If you see two ports in a forwarding state for the same VLAN on the same switch, we need to look for the following:
a) does this switch think he is the root for this VLAN (or vlans)?
b) should he be?
c) is he receiving BPDUs from his neighbor on the ports in a forwarding state? (sniff both forwarding ports to look for BPDUs)
d) look for a unidirectional link on one of the ports in a forwarding state
e) shut one of the ports in a forwarding state and see if the loop stops

Good doc for troubleshooting bridging loops.

http://www.cisco.com/en/US/tech/tk389/tk621/technologies_tech_note09186a00800951ac.shtml#brid_loop

acui · ‎01-31-2011

For avoid excessive TCN, how about we recommend add "spanning-tree portfast" for most access port connect to PC?

sdheer · ‎01-31-2011

Hi,

Portfast is always recommended on access ports connected to the end hosts .Therefore whatever you suggest is absolutely correct.

Regards,

Swati

martlee2 · ‎09-22-2016

which command can show for searching this

"if you see two ports in a forwarding state for the same VLAN on the same switch"

James D Hensley · ‎12-19-2016

"show span vlan <#> detail" will give you all the ports forwarding for the vlan. The key here is in knowing the spanning tree topology well enough to identify a port that should be blocking but is not. There should be one root port and multiple designated ports in a forwarding state.

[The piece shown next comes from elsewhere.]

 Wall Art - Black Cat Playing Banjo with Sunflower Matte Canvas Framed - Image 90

In a redundant topology there should be one blocking port to prevent a loop. To identify that port you must understand stp path selection. See:

STP: http://www.cisco.com/c/en/us/support/docs/lan-switching/spanning-tree-protocol/10556-16.html for

RSTP: http://www.cisco.com/c/en/us/support/docs/lan-switching/spanning-tree-protocol/24062-146.html

I have seen very RARE cases where a blocked port is actually forwarding traffic. Once you identify which port should be blocking and confirm it is blocking via the "show span vlan <#> detail" command you can check the interface stats with "show interface <#>" and look at input / output rates. Note if it is a trunk and not all vlans are blocked then this command will not be very useful.

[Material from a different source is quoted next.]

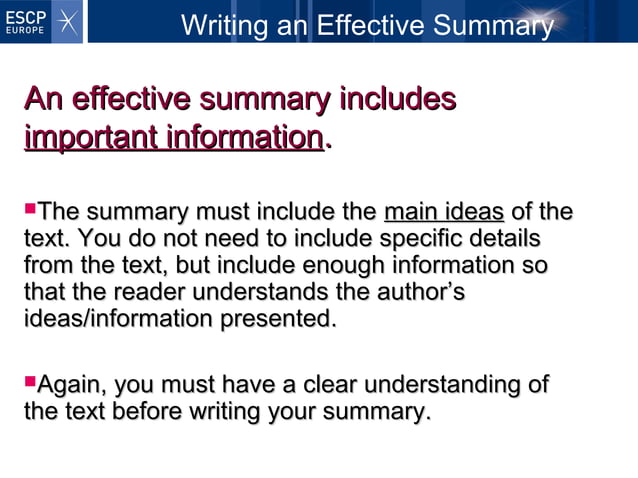 Writing An Effective Summary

David Martinez Garcia · ‎01-14-2019

Hi all.

What happens if the output for:

 ITLABSW#sh spanning-tree detail | i ieee|occur|from|is exec
   VLAN0001 is executing the rstp compatible Spanning Tree protocol
     Number of topology changes 187927 last change occurred 00:01 ago <-time rec'd
         from Port-Channel12 <--interface that received the TCN

Shows no interface, like int the follwing example:

VLAN0003 is executing the ieee compatible Spanning Tree protocol
Bridge Identifier has priority 32768, sysid 3, address 3820.566a.6500
Configured hello time 2, max age 20, forward delay 15
Current root has priority 8192, address 64f6.9d7e.77fd
Root port is 52 (GigabitEthernet0/4), cost of root path is 8
Topology change flag not set, detected flag not set
Number of topology changes 25311 last change occurred 1d11h ago
Times: hold 1, topology change 35, notification 2
hello 2, max age 20, forward delay 15
Timers: hello 0, topology change 0, notification 0, aging 300

Thanks!

Wasim Chandel. · ‎08-04-2020

Generally, when a blocked port transitions into forwarding; for instance due to a unidirectional link, a TCN will be received from that particular port on the switch instead of the root port.

You can use the "show spanning tree vlan <id> detail" command for details.